Todos los domingos cocinaba mi papá. Era parte de un folclore irrenunciable.No por obligación, sino que se trataba de su único día libre. Yo lo recuerdo recién bañado, con ese olorcito a jabón, la brisita de la mañana y esa quietud dominguera con toda la energía limpia y recargada para su ritual culinario. Jamás pregunté qué haría de comer porque por lo general eran platos complicados, o al menos así sonaban.
Mi papá, un filipino ex marino mercante, pasó largos años de su vida en el mar, era radio operador de barcos, “la mano derecha del capitán”, me soplaron por ahí y yo inflaba el pecho orgullosa por mi working class Hero. Pero mi orgullo por mi papá me nace de otro lado, más de adentro, más de las tripas, digamos que justo en el centro, ahí mismo de donde nace el hambre.
Del mar aprendió que la soledad y la nostalgia se eliminan con el acto de cocinar: un solo plato de comida puede transportarte a lugares inimaginables, hacer revivir momentos y devolverte amores. Todas las alegrías guardadas se concentran en la boca como un condensador de flujo para viajar en el tiempo, ese paso acuoso de memoria y vida, porque comer es eso, vida.
Él siempre nos contaba que cuando no trabajaba se refugiaba en la cocina. Siempre rotaban de cocinero: un día un alemán, otro día un colombiano, otro un chino, un gringo, y así un desfile larguísimo de banderas. De ahí conoció desde un suculento ajiaco a un delicado y sabrosisimo zongzi, o una paella, o pa el y pa todos. Porque como humorista es el mejor chef.
Me gusta pensar que los años que no pudo estar con nosotros de niños, los pasó aprendiendo del arte culinario para llenarnos por dentro tanto tiempo de ausencia.
Los domingos cocinaba mi papá y los sábados por la noche ya me roncaba la panza de imaginar la mesa llena de colores, del humito danzando espirales por cada rincón de la casa en ese festín de fuego, chispas y cacerolas.

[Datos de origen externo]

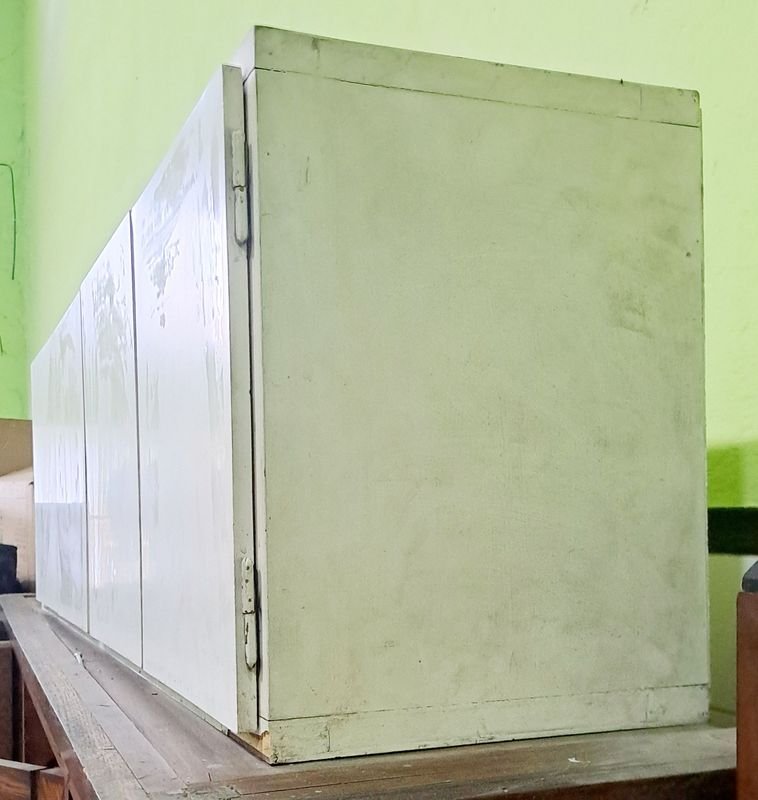 Mueble Aéreo de 3 Puertas en Muy Buenas Condiciones - imagen 2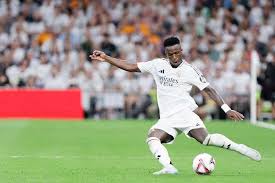 雷速体育官网：谁报名了？中国女排主教练人选引发讨论，网友仍怀念“郎平时代”.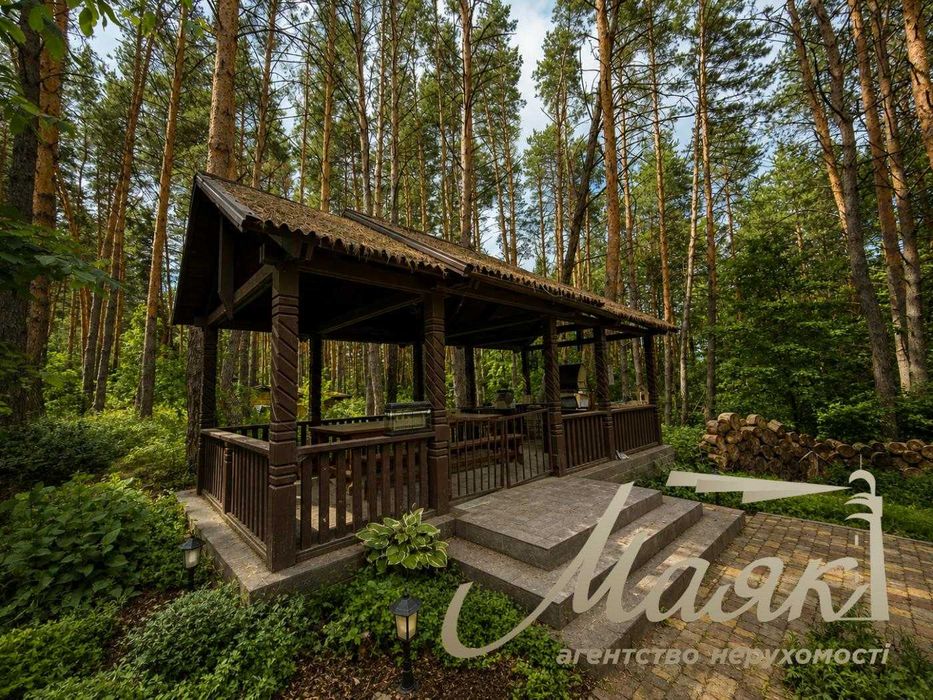 Продаж заміського рекреаційного комплексу 744 м2 на ділянці 1,5 га біля Києва, на ділянці річка Стугна, ліс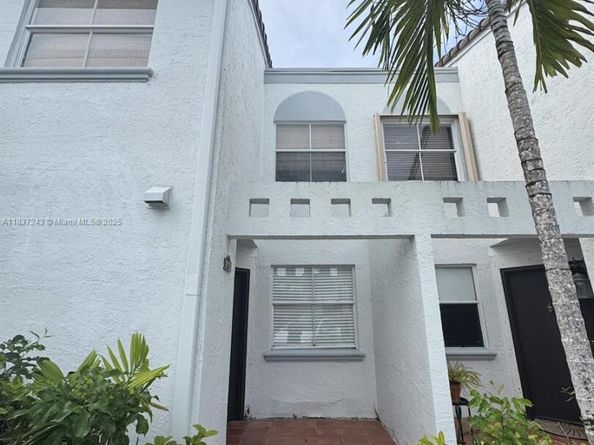 9755 NW 48th Ter 321, Doral FL 33178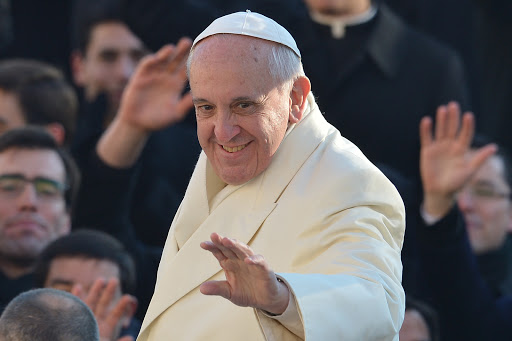 Pope Francis greets the crowd &#8211; en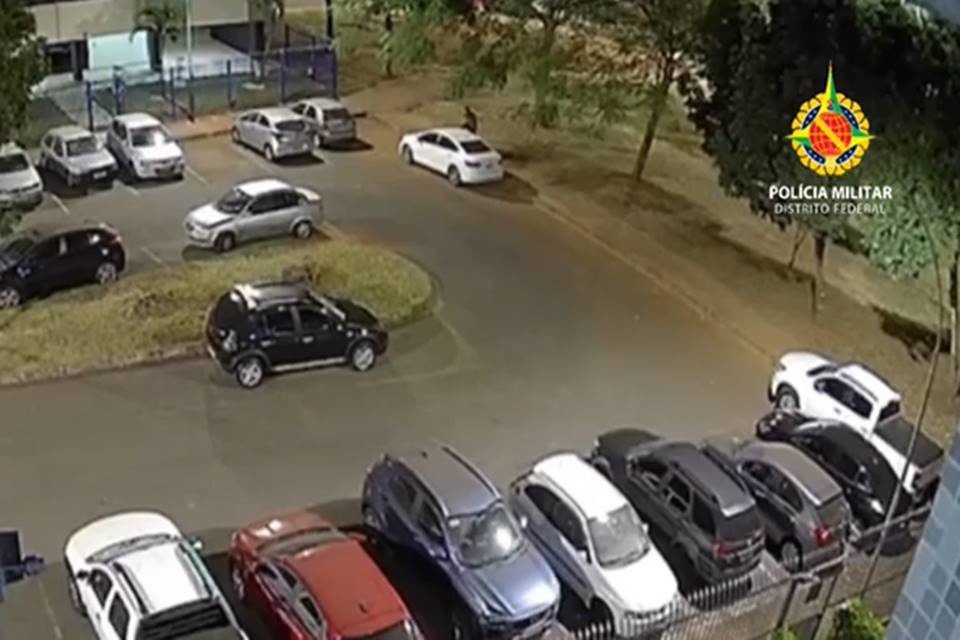 Homem quebra retrovisor de carro no Cruzeiro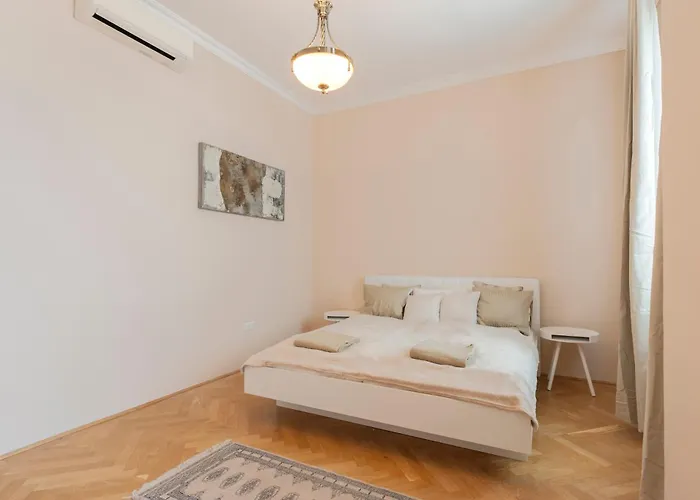View To The Roofs Luxury With 2 Bedrooms דירה בודפשט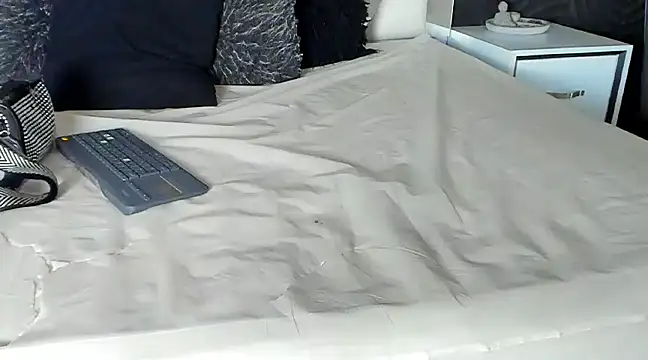 ambermartin  online show from 03.10.25
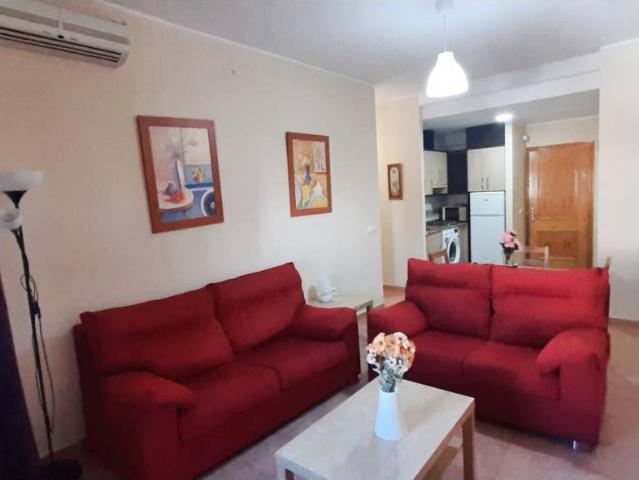 Alquiler de piso de 2 habitaciones en Málaga Capital, Campanillas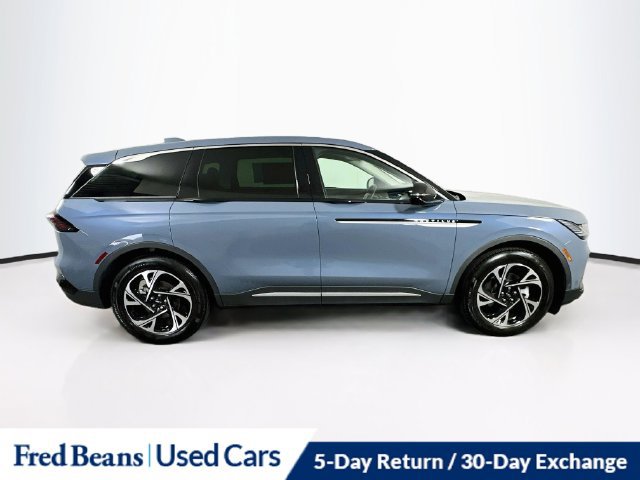 Used 2026 Lincoln Nautilus Premier w/ Equipment Group 102A AWD/4WD image 11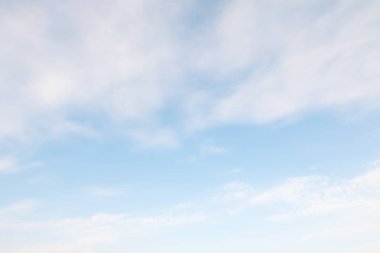 Mavi Gökyüzü bulutlu. Doğa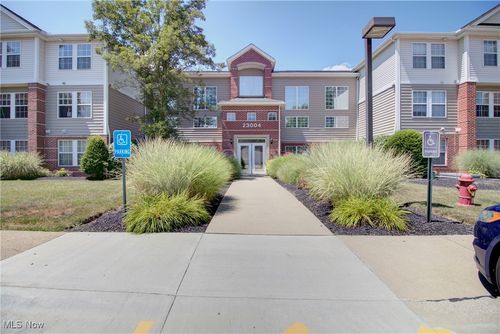 23004 Chandlers Ln, Olmsted Falls, OH, 44138-3272 | Card Image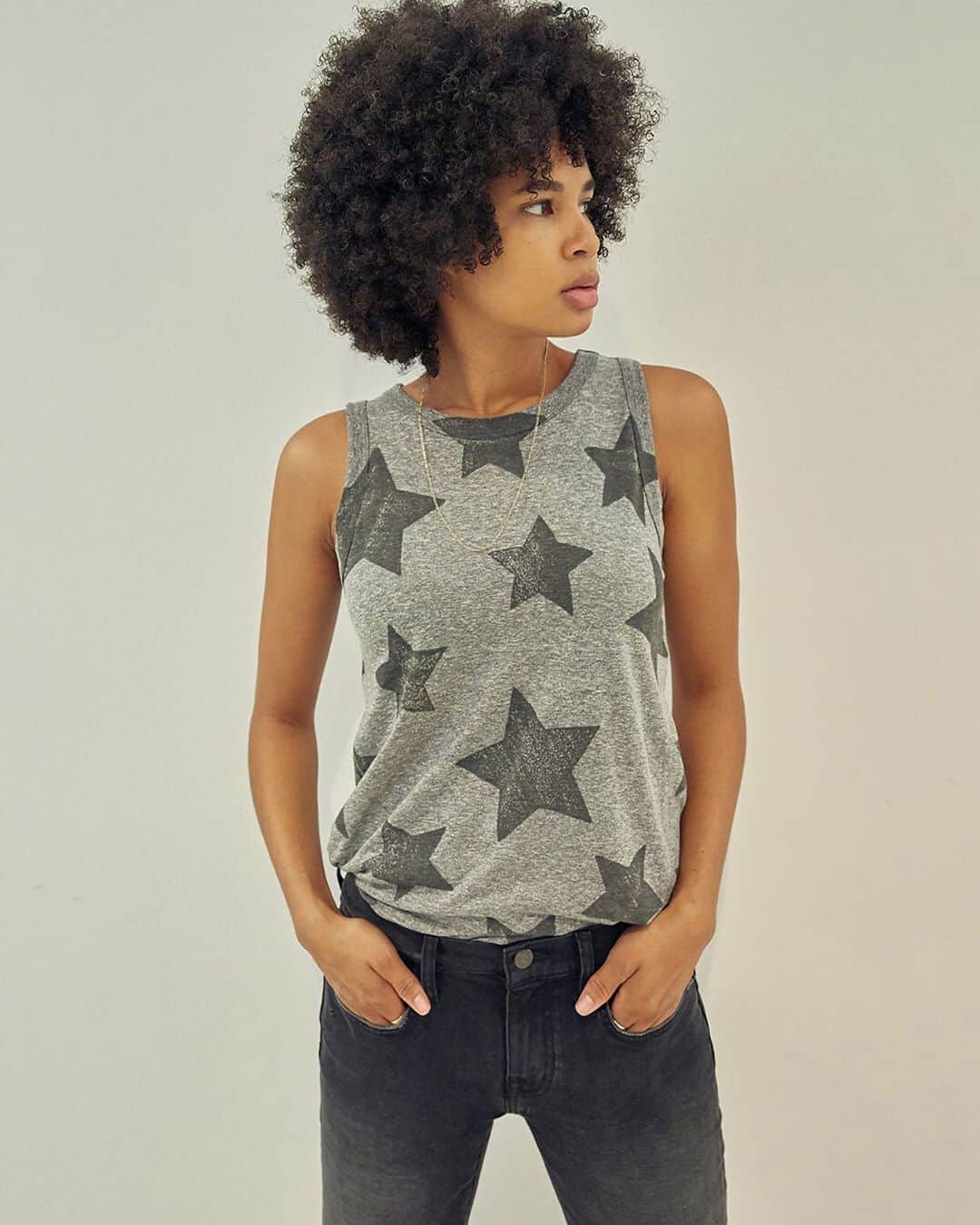 カレントエリオットのインスタグラム：「the muscle tank feat a little star power ⭐️ / visit the link in our bio for the newest update to our sleeveless classic」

Cada ingrediente picado en un plato, hasta la pizca invisible de sal. La cocina era su laboratorio, su salón de química para la pura alquimia. De experimentos siempre exitosos que aplaudíamos en silencio con los ojos cerrados, saboreando hasta los dientes, para terminar con un gran y sincero: “mmmmh! estuvo riquísimo”, decíamos con aliento a ajo mientras apoyamos la espalda en la silla y nos frotábamos la barriga como agradeciendo al genio. Él,desde su silla en una esquina, respondía con cara de falso desánimo:
‘’ Si pero no salió como quería, es más rico todavía’’ o alguna de esas frases de abuelita
modesta.
Mi papá es mi cocinero preferido aunque ya no cocine más . Y esa mesa larga, vieja y café que ya no existe será siempre mi restaurante favorito. Hace un tiempo tuve un sueño en que uno de esos tantos domingos llegó a casa un francés, con una cajita que apenas la abrió, salió una estrellita, toda cubierta en fuego, la estrella olía a ajo y del humo se dibujaban todavía 3 estrellas más. Eran tres Michelin para papá, y yo sonreí.